The system memory 802 may include computer system readable media in the form of volatile memory, such as Random Access Memory (RAM) 8021 and/or cache memory 8022. Computing device 70 may further include other removable/non-removable, volatile/nonvolatile computer system storage media. By way of example only, ROM8023 may be used to read from and write to non-removable, nonvolatile magnetic media (not shown in FIG. 10, and typically referred to as a "hard disk drive"). Although not shown in FIG. 10, a magnetic disk drive for reading from and writing to a removable, nonvolatile magnetic disk (e.g., a "floppy disk") and an optical disk drive for reading from or writing to a removable, nonvolatile optical disk (e.g., a CD-ROM, DVD-ROM, or other optical media) may be provided. In these cases, each drive may be connected to the bus 803 by one or more data media interfaces. At least one program product may be included in system memory 802 having a set (e.g., at least one) of program modules configured to carry out the functions of embodiments of the application.

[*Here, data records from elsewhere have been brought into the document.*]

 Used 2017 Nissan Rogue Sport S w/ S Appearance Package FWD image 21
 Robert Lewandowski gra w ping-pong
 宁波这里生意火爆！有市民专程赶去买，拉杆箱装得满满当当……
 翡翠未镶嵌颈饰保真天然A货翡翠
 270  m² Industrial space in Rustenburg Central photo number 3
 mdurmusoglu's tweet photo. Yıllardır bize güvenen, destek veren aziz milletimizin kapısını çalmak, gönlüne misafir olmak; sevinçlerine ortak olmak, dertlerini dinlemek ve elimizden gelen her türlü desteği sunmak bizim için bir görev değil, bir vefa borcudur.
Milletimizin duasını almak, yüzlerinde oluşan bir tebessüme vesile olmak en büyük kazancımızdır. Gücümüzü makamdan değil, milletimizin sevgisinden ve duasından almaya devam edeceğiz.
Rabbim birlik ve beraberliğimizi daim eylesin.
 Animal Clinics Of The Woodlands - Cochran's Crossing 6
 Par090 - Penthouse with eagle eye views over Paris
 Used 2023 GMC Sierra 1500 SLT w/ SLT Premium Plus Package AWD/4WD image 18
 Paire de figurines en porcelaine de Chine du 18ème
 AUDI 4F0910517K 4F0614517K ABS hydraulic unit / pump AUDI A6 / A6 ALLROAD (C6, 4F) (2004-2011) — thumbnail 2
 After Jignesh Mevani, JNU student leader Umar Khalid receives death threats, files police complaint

Program/utility 8025, having a set (at least one) of program modules 8024, can be stored, for example, in system memory 802, and such program modules 8024 include, but are not limited to: an operating system, one or more application programs, other program modules, and program data, each of which, or some combination thereof, may comprise an implementation of a network environment. Program modules 8024 generally perform the functions and/or methods of embodiments described herein.
Computing device 80 may also communicate with one or more external devices 804 (e.g., keyboard, pointing device, display, etc.). Such communication may be through an input/output (I/O) interface. Moreover, computing device 80 may also communicate with one or more networks (e.g., a Local Area Network (LAN), a Wide Area Network (WAN), and/or a public network, such as the internet) via network adapter 806. As shown in FIG. 10, the network adapter 806 communicates with other modules of the computing device 80, such as the processing unit 801, over the bus 803. It should be appreciated that although not shown in FIG. 10, other hardware and/or software modules may be used in conjunction with computing device 80.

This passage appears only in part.